2. For the second question:
Null hypothesis (H0): μ = 25 (The mean test score is equal to 25)
Alternative hypothesis (H1): μ < 25 (The mean test score is lower than 25)
To determine if we can conclude that the mean test score is lower than 25, we calculate the test statistic and compare it to the critical value at a significance level of 0.05.
First, compute the test statistic:
- Compute the sample mean: sum of sample scores / sample size
- Sample mean = 40 / 64 ≈ 0.625
- Compute the test statistic: (sample mean - population mean) / standard error of the mean
- Test statistic = (0.625 - 25) / (standard deviation of the population / sqrt(sample size))
- Test statistic ≈ -14.375
Next, find the critical value at the significance level of 0.05. Since this is a one-tailed test in the left tail, we can directly find the critical value associated with the 0.05 significance level.
Finally, compare the test statistic with the critical value:
- If the test statistic falls outside the critical value region, we reject the null hypothesis in favor of the alternative hypothesis.
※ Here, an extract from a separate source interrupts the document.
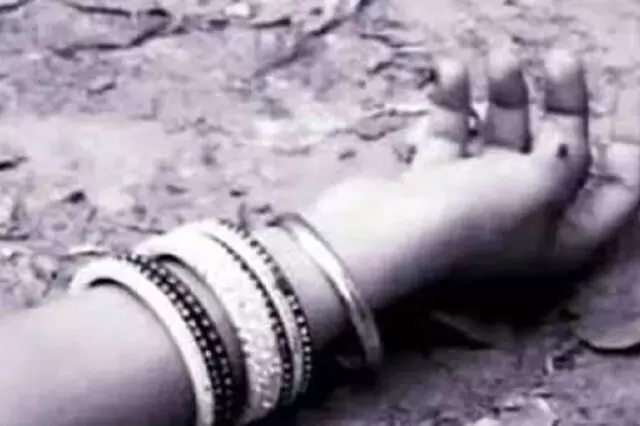 Pilibhit: ससुराल में विवाहिता की मौत, पुलिस ने शुरू की दहेज हत्या की जांच Pilibhit: ससुराल में विवाहिता की मौत, पुलिस ने शुरू की दहेज हत्या की जांच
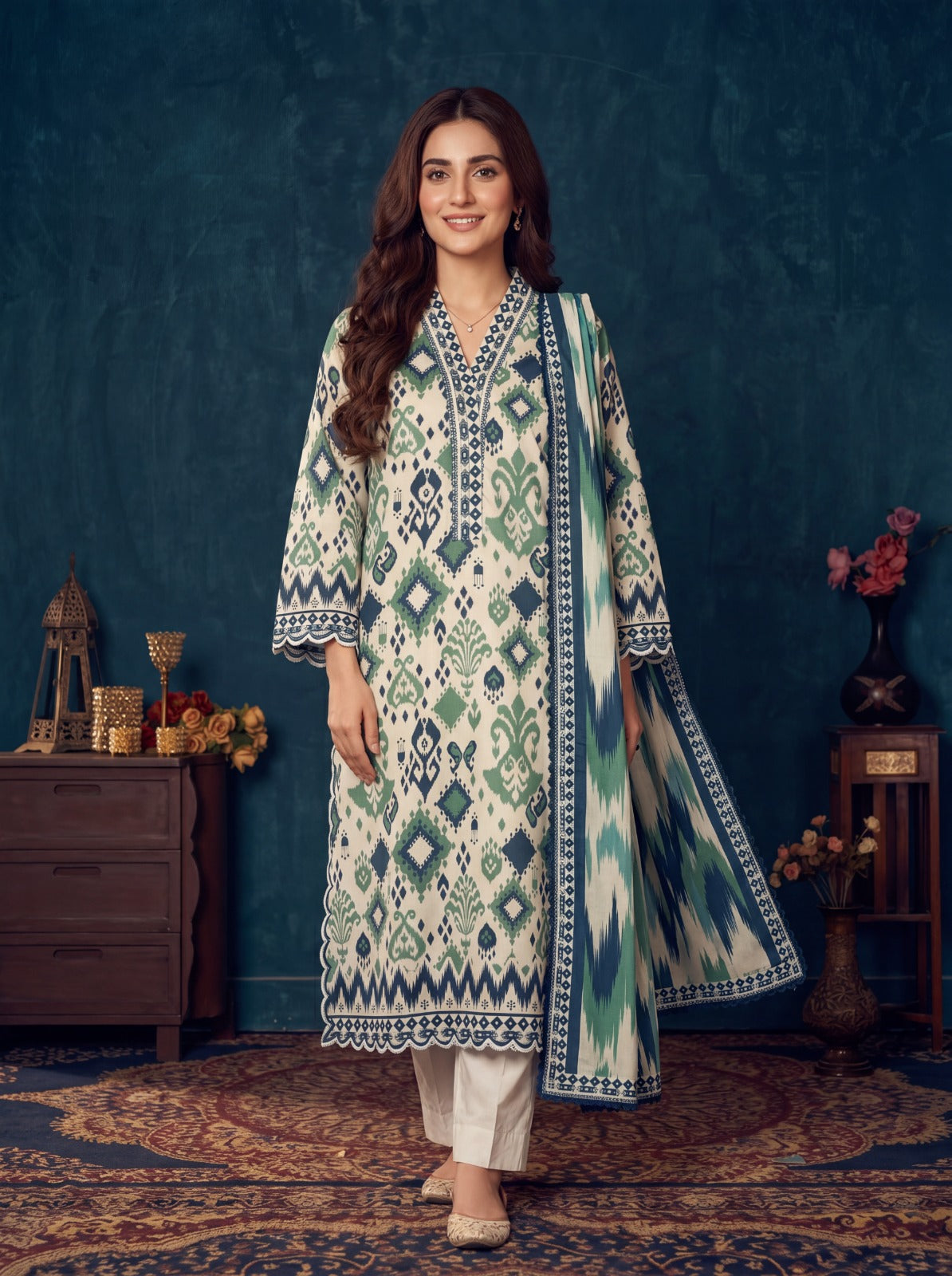 Luz Ivory 3PC Printed Cambric Lawn Suit – VLZ – 0070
This means there is enough evidence to conclude that the mean test score is lower than 25.
- If the test statistic falls within the critical value region, we fail to reject the null hypothesis. This means there is not enough evidence to conclude that the mean test score is lower than 25.
Remember, hypothesis tests provide a way to make statistical conclusions based on sample data, but it is important to consider other factors and the context of the problem as well.